Numerical method for solving a non-local problem on pipeline transportation of viscous liquid

The paper deals with a process of unsteady axisymmetric flow of incompressible viscous liquid in the cylindrical pipeline, described by the nonlinear system of Navier-Stokes differential equations. The set of equations is transformed into one linear parabolic equation with an initial and natural boundary condition on the pipeline axis. We face a problem for determining velocity distribution in a cross-section of the pipeline based on the desired law of time variation of the pressure drop along the pipeline. As in case of liquid flow in pipes it’s practically impossible to define interaction models of fluid with a solid boundary, the boundary condition on the pipe wall is considered as unknown.

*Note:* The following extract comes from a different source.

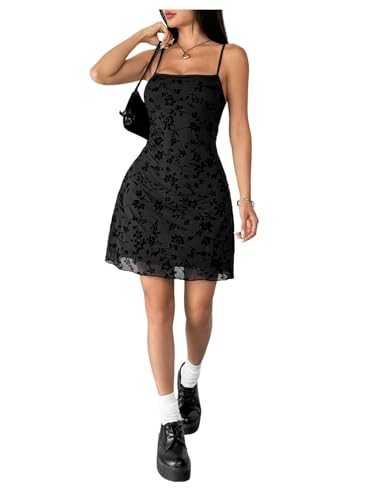 Verdusa Women's Mini Dress Floral Spaghetti Strap Mesh Dresses Going Out Festival Concert Outfits Grunge Gothic Clothes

For the problem accuracy an additional condition in the form of integral flow characteristic is specified. In other words, the law of time variation of volumetric flow rate in the pipeline is specified. This problem is related to nonlocal problems with an integral condition for partial differential equations. The specified integral condition is differentiated in time and the obtained ratio with the help of the differential equation is transformed into a local boundary condition. As a result, the set task is altered to a direct problem with local conditions. The finite difference method is applied for numerical solution of the boundary value problem. For this purpose, we create a discrete analog of the problem in the form of an implicit difference scheme using the integral method. A computational algorithm of solving the obtained difference equation system is suggested. Numerical experiments for test problems have been conducted to check the efficiency of practical application of the suggested computational algorithm. The computational algorithm has also been tried on the data of steady flow of viscous incompressible liquid in the pipeline.